We don't have 8-bit strings lying around in Py3k. To convert bytes to 
characters, they *must* be converted to unicode code points.

> I'm not so happy about the efficiency implication of the idea that
> *all* strings *must* be validated (let alone recoded).

Then always define latin-1 as the source encoding for your files - it will 
just pass the bytes straight through.

>> Since strings don't currently have any mutable internal state, it's 
>> possible
>> to freely share them between threads (without this property, the 
>> interning
>> behaviour would be doomed).
> 
> Interning may get awkward if multiple encodings are allowed within a
> program, regardless of whether they're allowed for single strings.  It
> might make sense to intern only strings that are in the same encoding
> as the source code.  (Or whose values are limited to ASCII?)

Unicode strings don't have an encoding - they only store code points.

>> If strings could change the encoding of their internal buffers then 
>> they'd
>> have to use a read/write lock internally on all operations that might be
>> affected when the internal representation changes. Blech.
> 
> Why?
> 
> There should be only one reference to a string until is constructed,
> and after that, its data should be immutable.  Recoding that results
> in different bytes should not be in-place.  Either it returns a new
> string (no problem) or it doesn't change the databuffer-and-encoding
> pointer until the new databuffer is fully constructed.
> 
> Anything keeping its own reference to the old databuffer (and old
> encoding) will continue to work, so immutability ==> the two buffers
> really are equivalent.

I admit that by using a separate Python object for the data buffer instead of 
a pointer to raw memory, the incref/decref in the processing code becomes the 
moral equivalent of a read lock, but consider the case where Thread A performs 
an operation and decides "I need to recode the buffer to UCS-4" at the same 
time that Thread B performs an operation and decides "I need to recode the 
buffer to UCS-4".

To deal with that you would still want to be very careful with the incref 
new/reassign/decref old step for switching in a new the data buffer (probably 
by using some form of atomic reassignment operation).

And this style has some very serious overhead implications, as each string 
would now require:
   The string object, with a 32 or 64 bit pointer to the data buffer object
   The data buffer object

String memory overhead would double, with an additional 32 or 64 bits 
depending on platform. This is a pretty significant increase when it comes to 
identifier-length strings.

So still blech, even if you make the data buffer a separate Python object to 
avoid the need for an actual read/write lock.

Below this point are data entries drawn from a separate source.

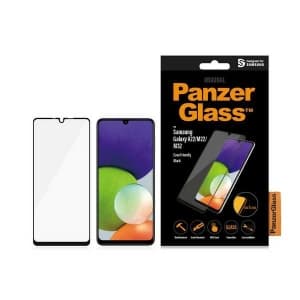 PanzerGlass Samsung Gehärtetes Glas E2E Regular Galaxy A22 4G/M22/M32 Case Friendly schwarz/schwarz 7278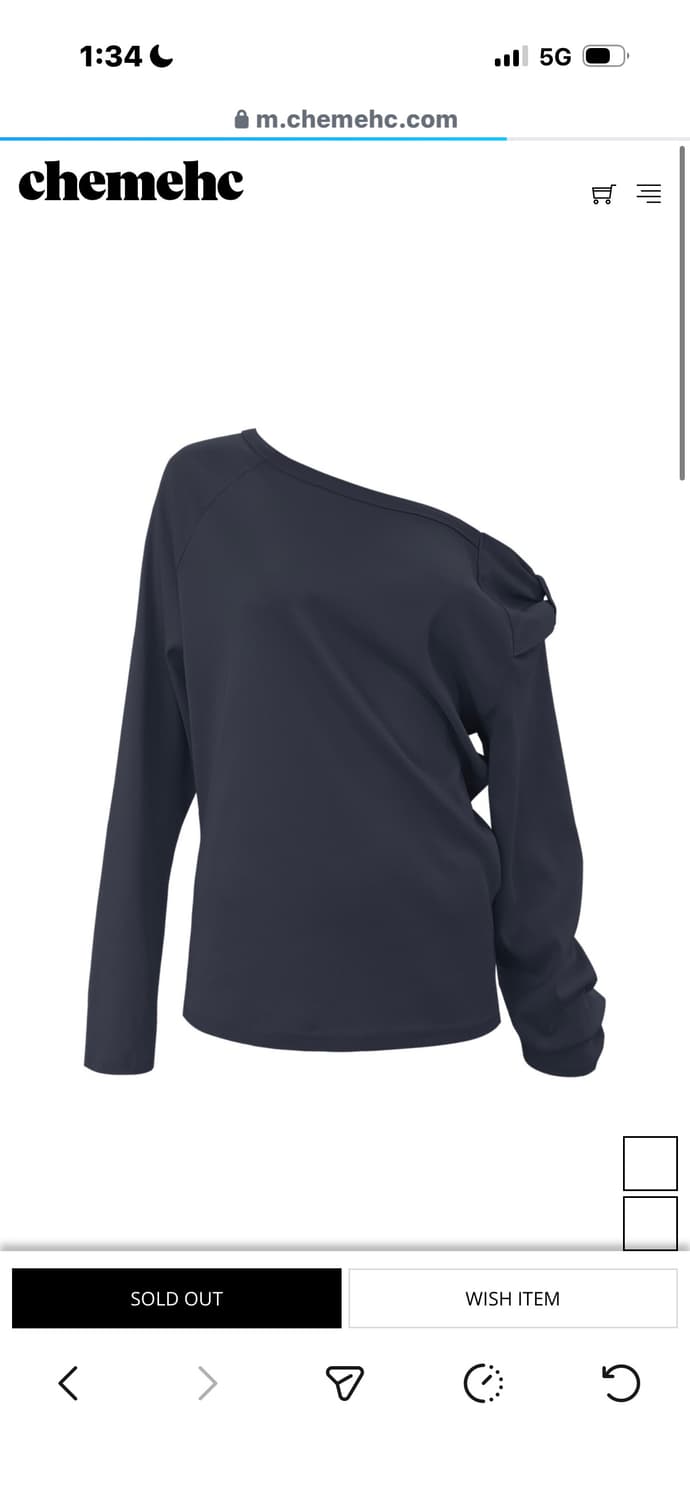 (구해요) 체메씨 Bow one off shoulder  상품이미지1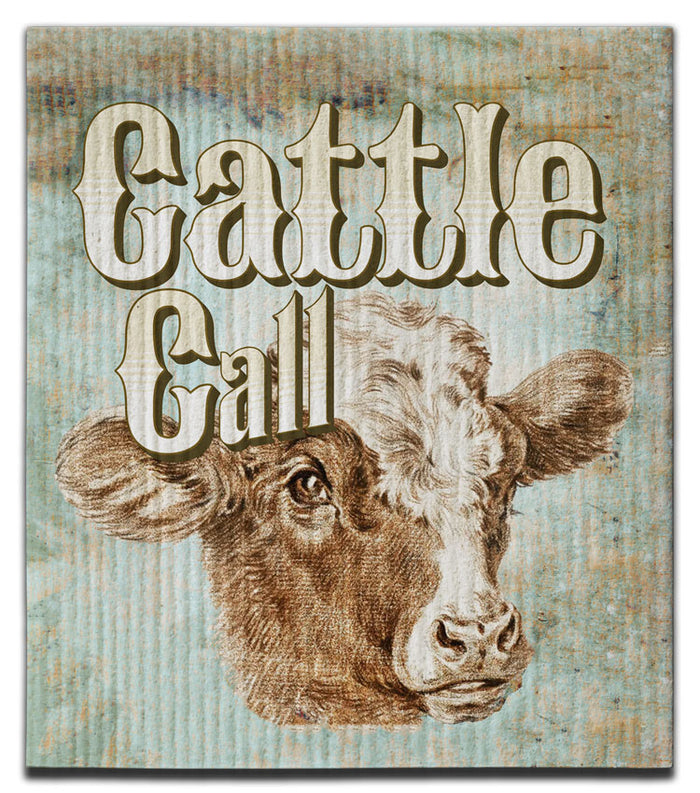 Cattle Call Dishcloth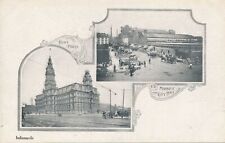 INDIANAPOLIS IN - Court House, Market and City Hall Postcard - udb (pre 1908) picture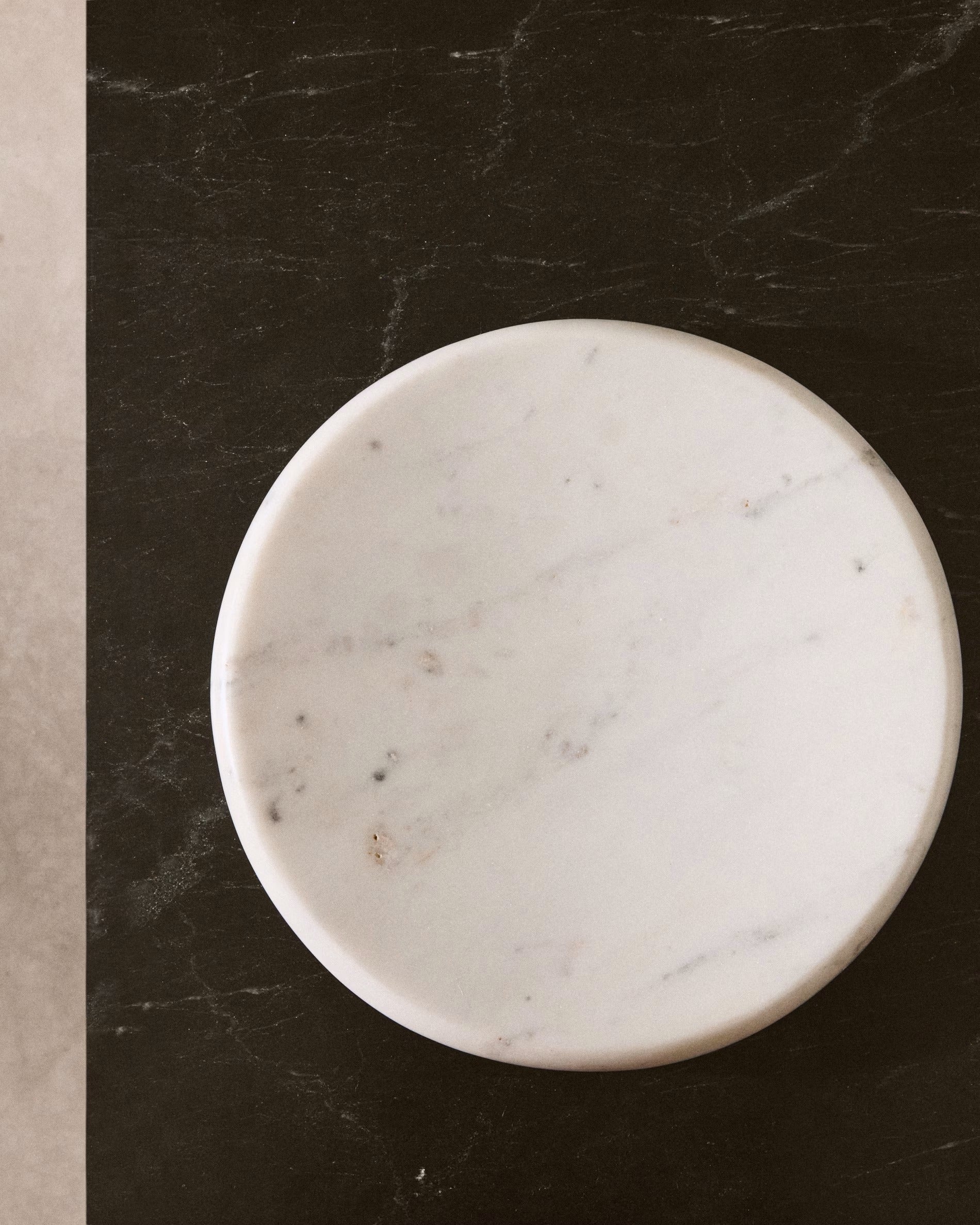 OBENA white marble tray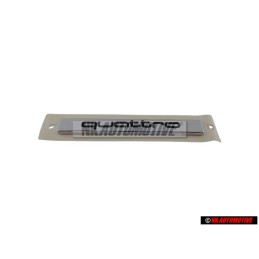 Genuine Audi QUATTRO Rear Boot Badge Emblem Chrome - 8D5853737F 2ZZ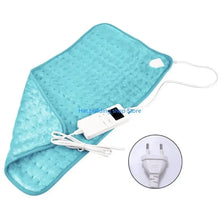T21C Electric Blanket Throw Heated Blanket Flannel Fast Heating Heating Pad Washable Auto Shut Off Heat Shoulder Wrap
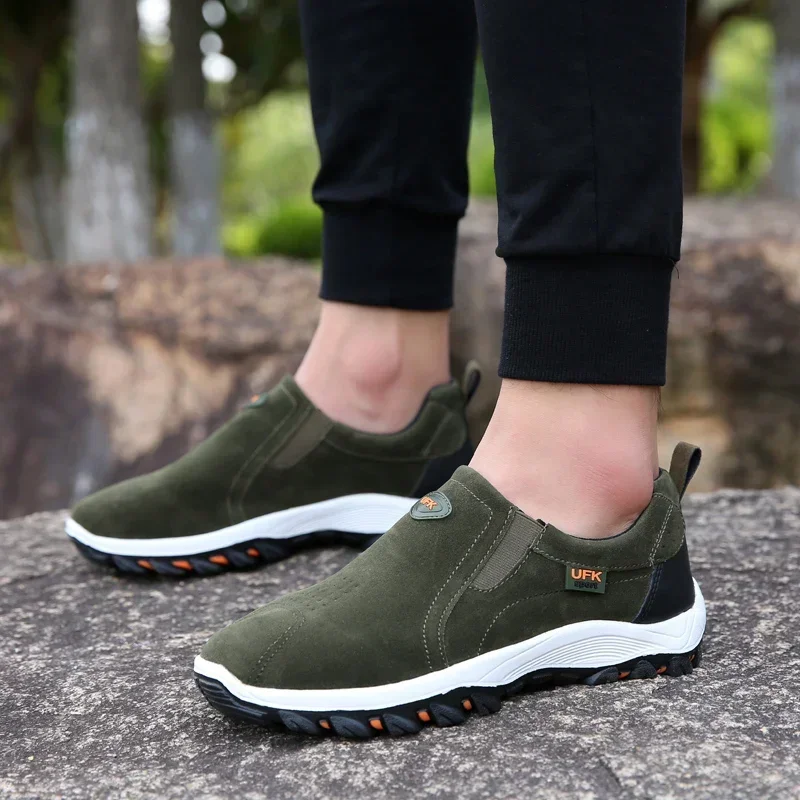 2023ใหม่เดินป่ากลางแจ้ง Camping Light Running Jogging Casual กีฬารองเท้าบุรุษลื่น Loafers รองเท้าขนาดใหญ่38-50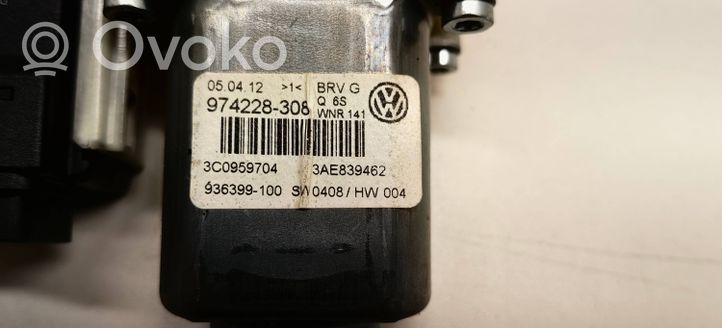 Volkswagen PASSAT B7 Silniczek podnoszenia szyby drzwi tylnych 3A5839462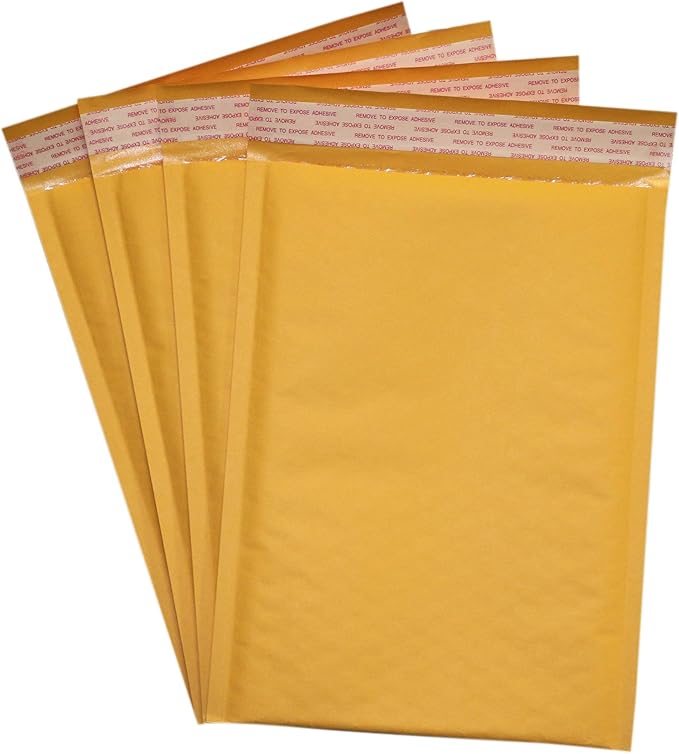 Secure Seal #0 6x10 Kraft Padded Bubble Mailer Shipping Envelopes (Pack of 250)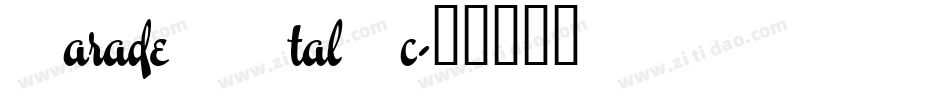 Parade Italic字体转换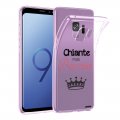 Coque Samsung Galaxy S9 Plus silicone transparente Chiante mais princesse ultra resistant Protection housse Motif Ecriture Tendance Evetane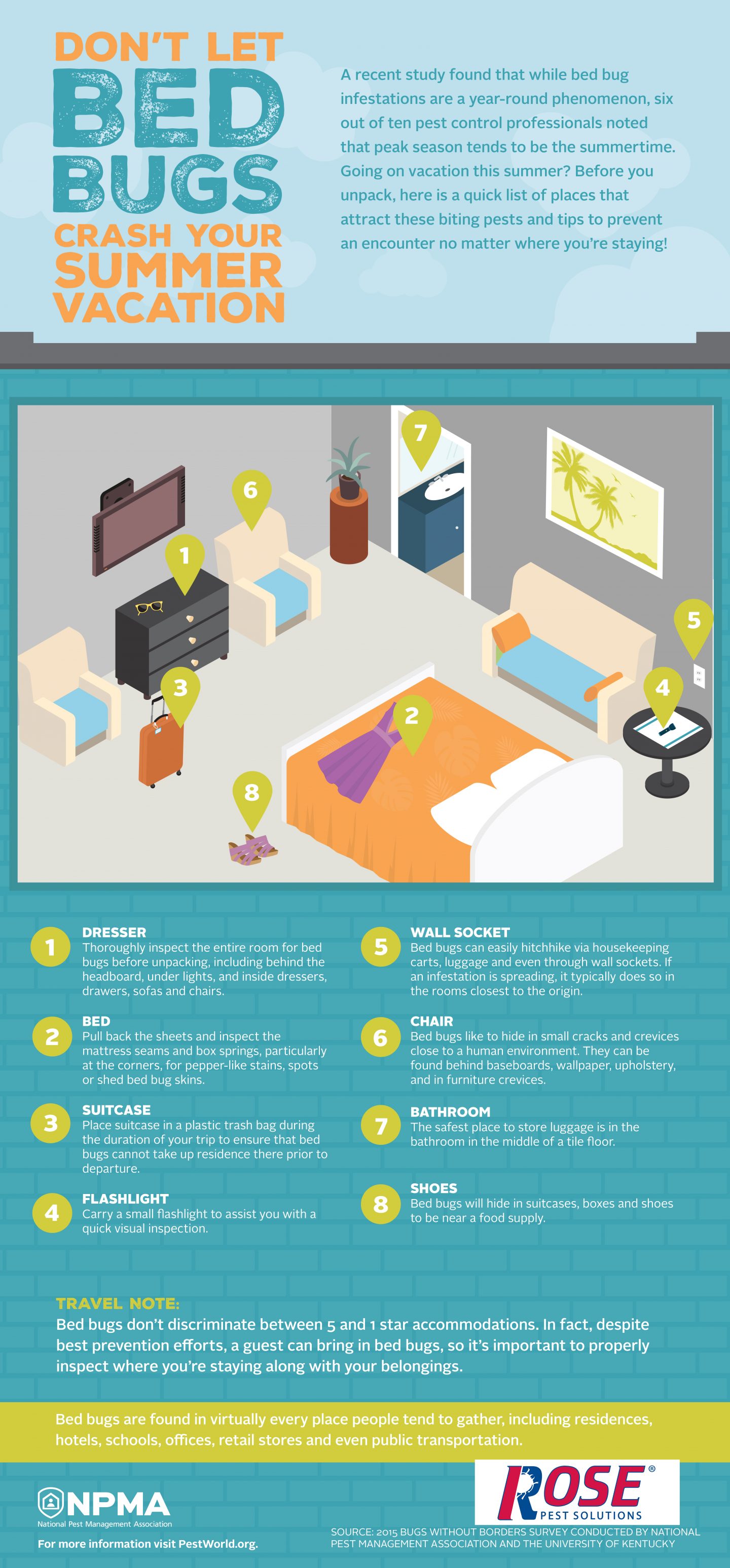 Bed Bug Infestations Come With Increased Travel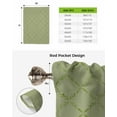 thumbnail image 6 of Sage Green Rhombus Plaid Tie Up Curtains for Kitchen Bathroom Bedroom Windows 45 Inch Length, Classic Modern Geometric Abstract Art Balloon Drape Curtains Shade Rod Pocket Curtain Panel, 42"x54", 6 of 7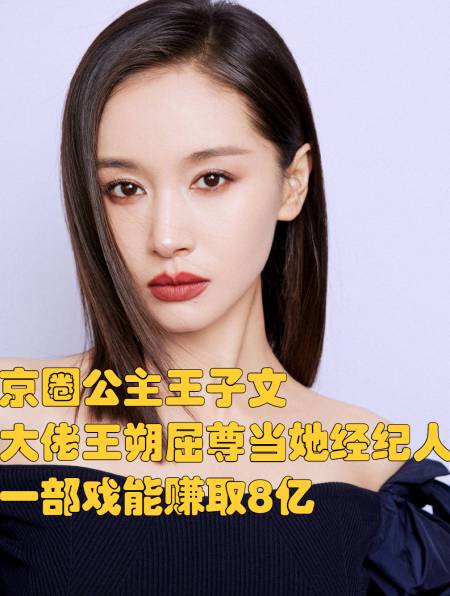 京圈公主王子文:大佬王朔屈尊当她经纪人,一部戏能赚取8亿 2-度小视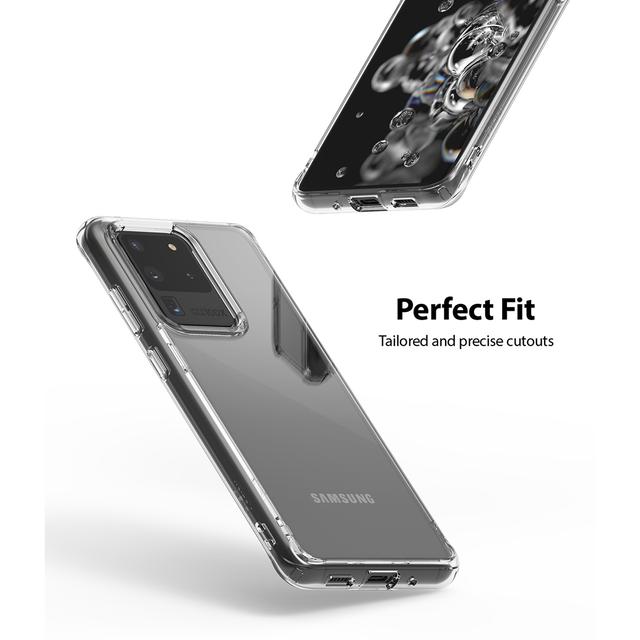 Ringke Fusion Galaxy S20 Ultra Case Shock Absorption Transparent Tough Impact Alleviation Technology Raised Bezel Shield Cover Designed For Samsung Galaxy S20 Ultra - Clear - Clear - SW1hZ2U6MTMwNTkw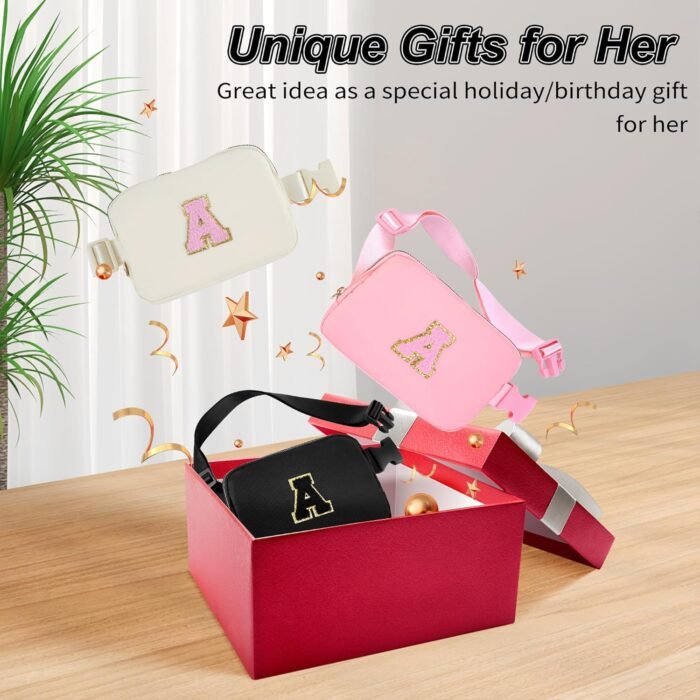 Birthday Gifts for 4 5 6 7 8 9 10 11 12 13 Year Old Girls,Valentines Gifts for Teens Kids Daughter Sister Her,Fanny Pack Crossbody Bag Belt Bag Cute Trendy Stuff | Cream,A - Image 7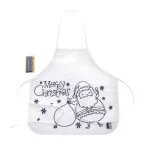 Julfar Cook blanc  Tablier de Noël à colorier 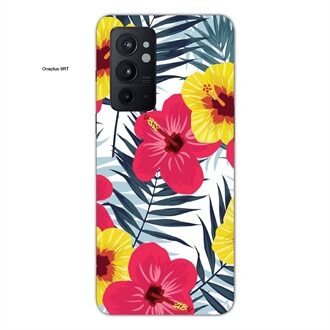 Oneplus 9 RT Mobile Cover Red Yellow Floral FLOB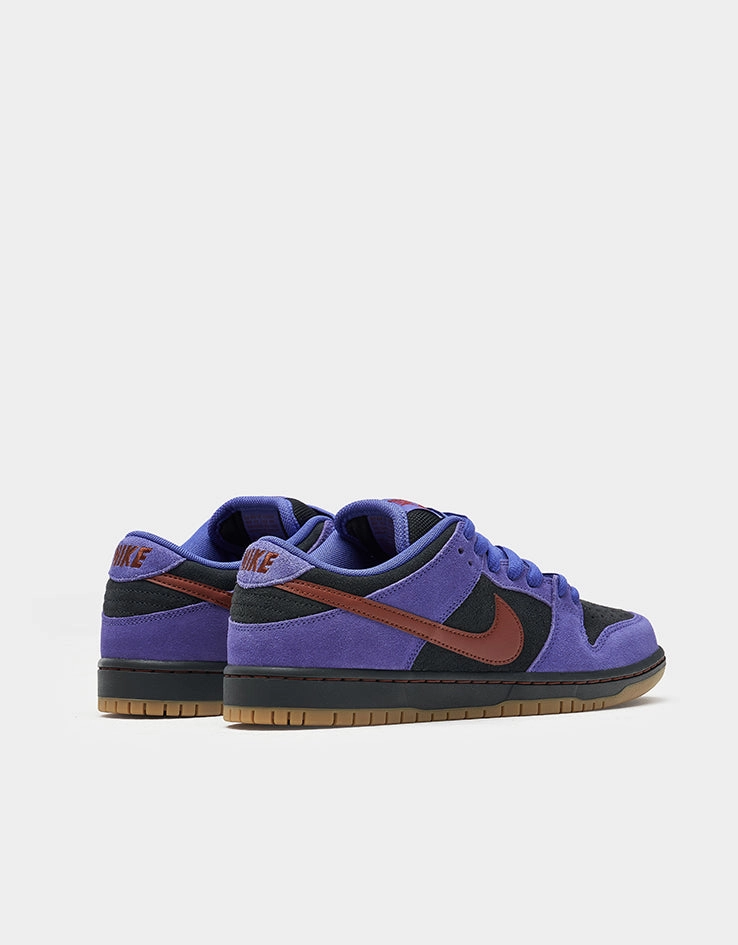 Nike Ja Morant Shoe Nike SB Dunk Low Pro Skate Shoes - Persian Violet/Cinnamon-Off Noir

>> Sure certain applications that are just copying from one data stream to
>> another (both in the same encoding) may needlessly decode and then 
>> re-encode
>> the data,
> 
> Other than text editors, "certain" includes almost any application I
> have ever used, let alone written.

If you're reading text and you *know* it is ASCII data, then you can just set 
the encoding to latin-1 (since that can just copy the original bytes to the 
string's internal buffer - the actual ascii codec needs to check each byte to 
see whether or not the high bit is set, so it would be slower, and blow up 
with a DecodingError if the high bit was ever set).

I suspect an awful lot of quick-and-dirty scripts written by native English 
speakers will do exactly that.

>> but if the application *knows* that this might happen (and has
>> reason to care about optimising the performance of this case), then the
>> application is free to decouple the "reading" and "decoding" steps, 
>> and just
>> transfer raw bytes between the streams.
> 
> So adding boilerplate to treat text as bytes "for efficiency" may
> become a standard recipe?  Not so good.

No, the standard recipe becomes "handle bytes as bytes and text as 
characters". If you know your source data is 8-bit text (or are happy to treat 
it that way, even if it isn't), then use the latin-1 codec to decode the 
original bytes directly to 8-bit characters.

Or just open the file in binary and read the data in as bytes instead of 
characters.

Cheers,
Nick.

-- 
Nick Coghlan   |   ncoghlan at gmail.com   |   Brisbane, Australia
---------------------------------------------------------------
             http://www.boredomandlaziness.org